Date: Aug 25, 2011
Source: nowlebanon.com
The Church’s vow of silence
Why the Lebanese Church has not spoken out against Assad

Aline Sara
 

“The three fundamentals on which a church is built are faith, hope and love,” said Harry Hagopian, an international lawyer and Middle East and interfaith advisor to the Catholic Bishops' Conference in England and Wales. “Those fundamentals include speaking out on peace, justice and reconciliation, let alone standing in solidarity with the poor, disenfranchised and powerless.”
Yet events in Syria have left the Church in Lebanon tongue-tied.

 

Last week, six months into the Syrian pro-democracy uprising and the government’s violent crackdown, US and EU officials called for President Bashar al-Assad to step down. Meanwhile, in Geneva Tuesday, the UN Human Rights Commission called for an urgent probe into possible “crimes against humanity,” noting that more than 2,200 anti-regime protesters are believed to have been killed since the demonstrations began.

Yet members of the clergy in both Syria and in Lebanon have voiced support for the Syrian president, calling him a reformer and backing his claims that the protesters are armed.


According to Georges Nassif, the former editor of An-Nahar's religion supplement, humanitarian issues are not high on the agenda of the Middle East’s clergy. “Churches here are mostly liturgical and little concerned with human rights,” he told NOW Lebanon. In addition, Patriarch Bechara al-Rai is less politically active than his outspokenly anti-Syrian predecessor Nasrallah Sfeir, Nassif added, noting that Rai recently accepted an invitation by President Assad to visit Damascus.


NOW Lebanon was unable to reach Rai, but during a rare interview on French television, the patriarch voiced concern over the spread of extremism. And while he acknowledged the need for greater freedom in the region, he also pointed out that Assad had protected Christians in Syria.

 

The latter is an argument cited by many Lebanese Christians, who likewise note that Assad, as a member of the Alawite sect, is also a minority in a mostly Sunni country. If the regime is toppled, the argument goes, there may be a Sunni backlash against the Christian population.


The issue is, of course, also politicized in Lebanon, as a major bloc of Lebanese Christians is with the pro-Syrian March 8 coalition, Nassif noted.
For his part, Father Abdo Kassem, director of the Catholic Center for Information, an organization that acts as a liaison between the Church and the press, did not express outright support for Assad, he was wary of condemning the regime.

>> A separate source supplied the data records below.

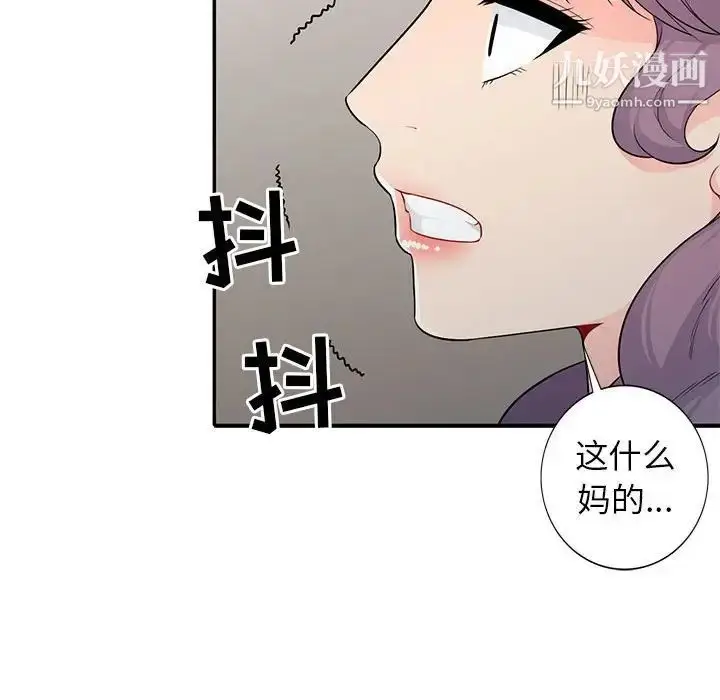 漫画《我的继母是寡妇》第22话第106张图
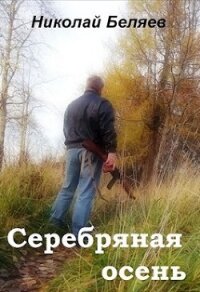 Серебряная осень (СИ) - Беляев Николай Владимирович (мир книг .txt) 📗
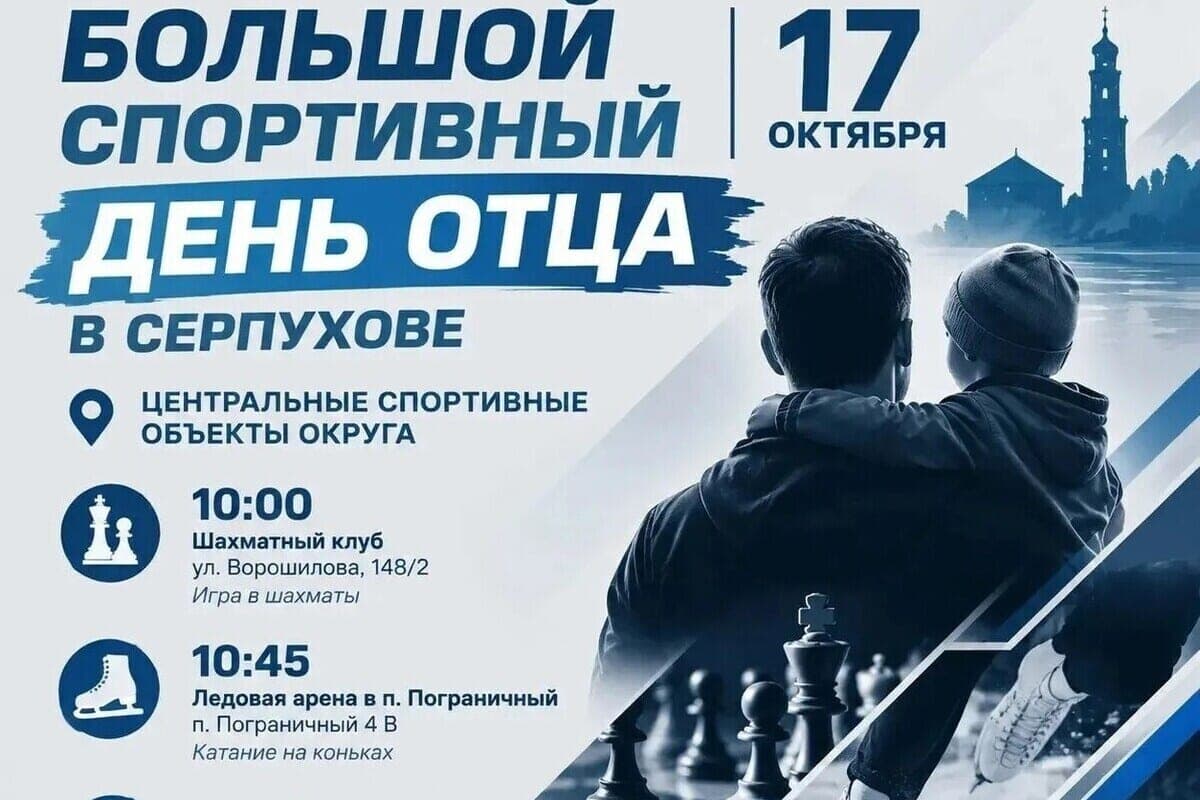 В Серпухове отметят День отца «Большим спортивным днем»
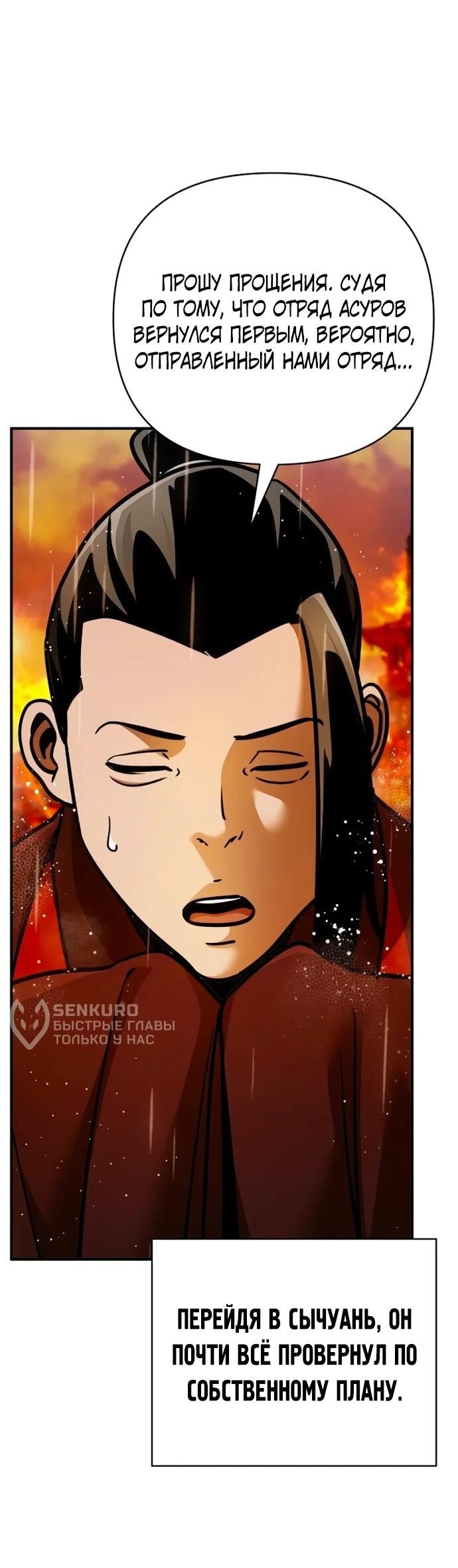 Манга Подозрительный юноша, ставший одним из десяти лучших мастеров мира - Глава 112 Страница 80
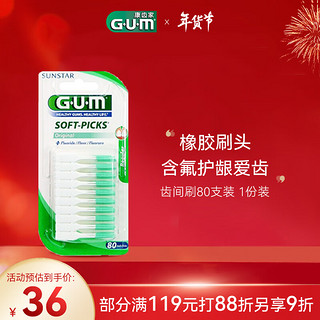 G·U·M康齿家 牙缝刷齿间牙刷 弹性按摩牙齿间隙刷 80支装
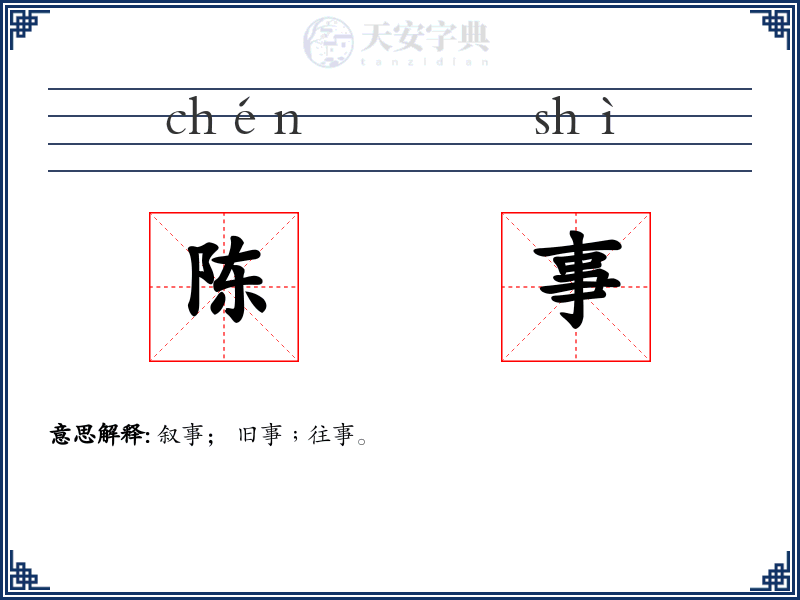 陈事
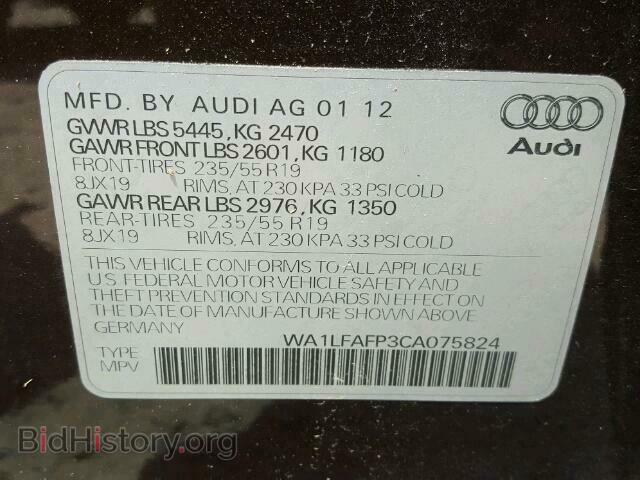2012 AUDI Q5 - VIN: WA1LFAFP3CA075824 - Фото 10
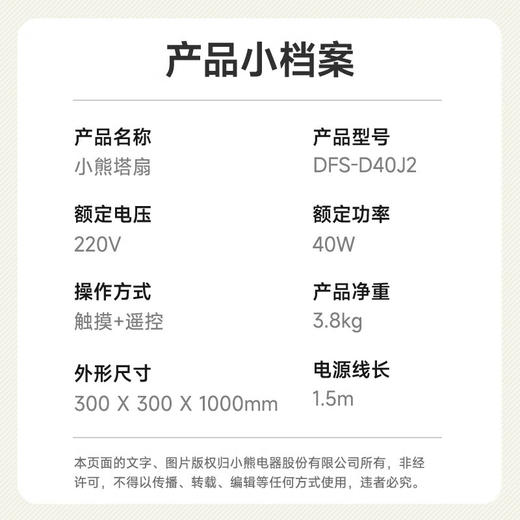 小熊（Bear）无叶风扇塔扇电风扇落地扇立式风扇空气循环扇智能遥控风扇办公室风扇 DFS-D40J2 商品图8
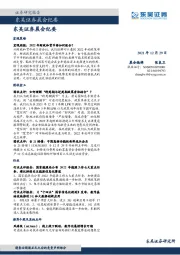 晨会纪要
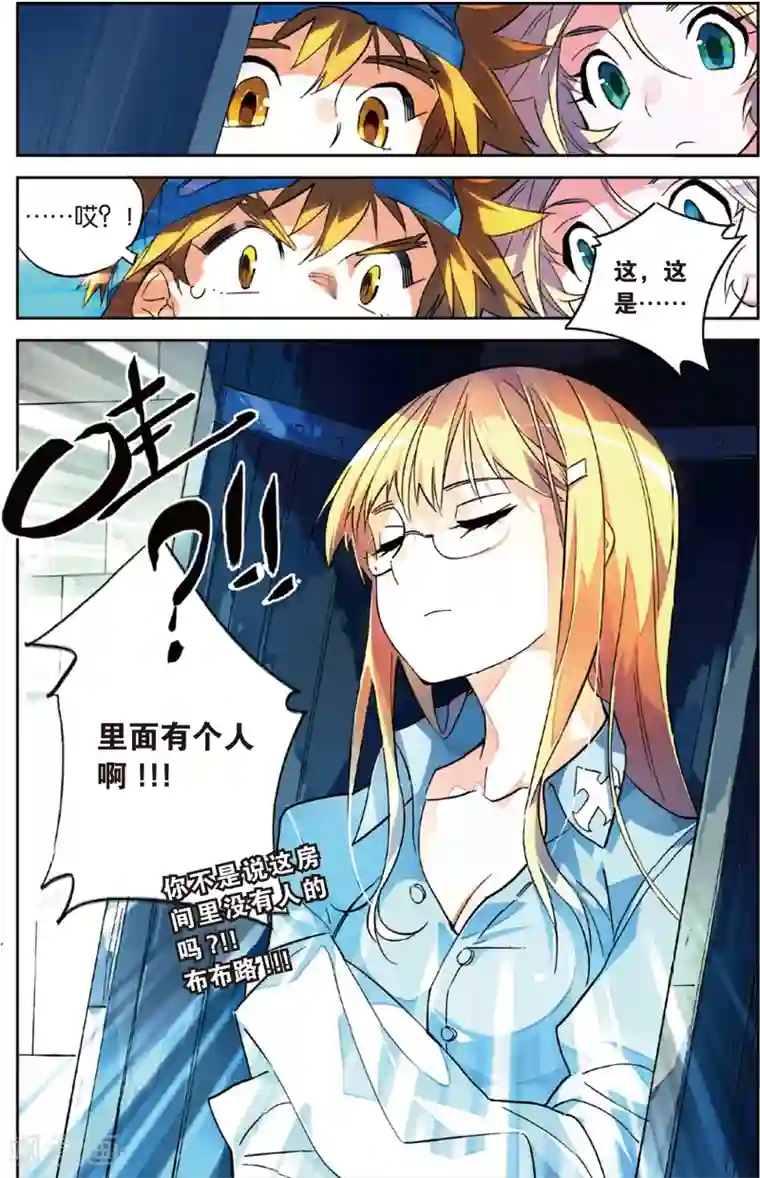 怪物大师第36话 前进，四人同盟(下)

“Yes, I’ve seen images on camera phones, but the reports are ambiguous … and Assad has spoken of making reforms,” he told NOW Lebanon when pressed about the evidence of government violence toward protesters. “But I don’t know really what is happening. It’s up to the Syrian Christians themselves to tell us. Lebanese Christians cannot speak up,” he said.
Because the issue is so politicized in Lebanon, addressing the uprising’s humanitarian dimension is up to the Vatican.


Earlier this month, Pope Benedict XVI said that the demonstrations testified to the need for “real reforms" in Syria and that the Assad regime must show "respect for truth and human rights.”
The pontiff added that Syria was "an example of tolerance, of conviviality and of harmonious relations between Christians and Muslims.”


Nassif said that while he and other Christians may support the uprising themselves, he stressed that the larger Church will not budge on its stance—or rather silence. Indeed, most clergy members NOW Lebanon spoke with supported the uprising personally. “I support the revolution,” said a Lebanese priest who asked to remain anonymous. “And what is most disturbing is that some priests endorse Assad’s rhetoric that peaceful protesters are armed ‘terrorists’.”


“Whether in Lebanon, Syria, Iraq, Egypt or elsewhere in the MENA region, I often feel that Church leaders are engaged in the unenviable task of juggling options or choosing between different factors,” said Hagopian. “As mere mortals, they sometimes get it right and at other times they get it quite wrong.”

Until now, only Syria’s Jesuit community has voiced recognition of the uprising’s legitimacy. In the meantime, the slaughter continues.